■ **Task requirements**
In the listing below, find the line containing "Cristina in therapy" and the line containing "Organic Clove Bud". Repeat exactly those two lines and every line between them.

■ **Source data**
--------

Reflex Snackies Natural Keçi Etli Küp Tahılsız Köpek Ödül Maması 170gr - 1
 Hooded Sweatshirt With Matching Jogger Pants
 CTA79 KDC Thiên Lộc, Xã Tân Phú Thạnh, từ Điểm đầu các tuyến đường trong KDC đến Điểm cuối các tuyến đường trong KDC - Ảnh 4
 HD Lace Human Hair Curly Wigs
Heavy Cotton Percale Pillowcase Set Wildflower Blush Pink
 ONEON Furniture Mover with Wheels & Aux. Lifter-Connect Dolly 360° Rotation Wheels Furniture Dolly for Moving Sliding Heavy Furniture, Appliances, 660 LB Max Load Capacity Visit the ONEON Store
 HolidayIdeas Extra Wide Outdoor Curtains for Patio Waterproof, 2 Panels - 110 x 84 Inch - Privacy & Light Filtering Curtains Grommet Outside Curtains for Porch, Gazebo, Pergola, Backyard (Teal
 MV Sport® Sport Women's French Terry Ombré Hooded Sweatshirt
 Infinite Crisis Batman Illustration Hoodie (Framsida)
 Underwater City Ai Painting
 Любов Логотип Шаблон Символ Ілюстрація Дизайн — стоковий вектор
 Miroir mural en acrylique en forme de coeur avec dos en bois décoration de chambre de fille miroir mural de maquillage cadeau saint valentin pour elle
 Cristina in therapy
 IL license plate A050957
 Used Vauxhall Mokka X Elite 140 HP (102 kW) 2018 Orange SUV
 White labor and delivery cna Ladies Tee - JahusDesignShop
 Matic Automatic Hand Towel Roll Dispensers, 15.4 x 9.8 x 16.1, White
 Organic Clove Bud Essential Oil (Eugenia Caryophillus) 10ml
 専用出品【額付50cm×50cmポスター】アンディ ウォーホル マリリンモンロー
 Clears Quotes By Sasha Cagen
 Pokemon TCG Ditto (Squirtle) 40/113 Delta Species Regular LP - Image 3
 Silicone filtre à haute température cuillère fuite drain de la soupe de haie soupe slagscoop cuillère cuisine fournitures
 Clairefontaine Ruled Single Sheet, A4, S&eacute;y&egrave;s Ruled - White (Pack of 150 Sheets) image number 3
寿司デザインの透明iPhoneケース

--------

■ **Response box**
 Cristina in therapy
 IL license plate A050957
 Used Vauxhall Mokka X Elite 140 HP (102 kW) 2018 Orange SUV
 White labor and delivery cna Ladies Tee - JahusDesignShop
 Matic Automatic Hand Towel Roll Dispensers, 15.4 x 9.8 x 16.1, White
 Organic Clove Bud Essential Oil (Eugenia Caryophillus) 10ml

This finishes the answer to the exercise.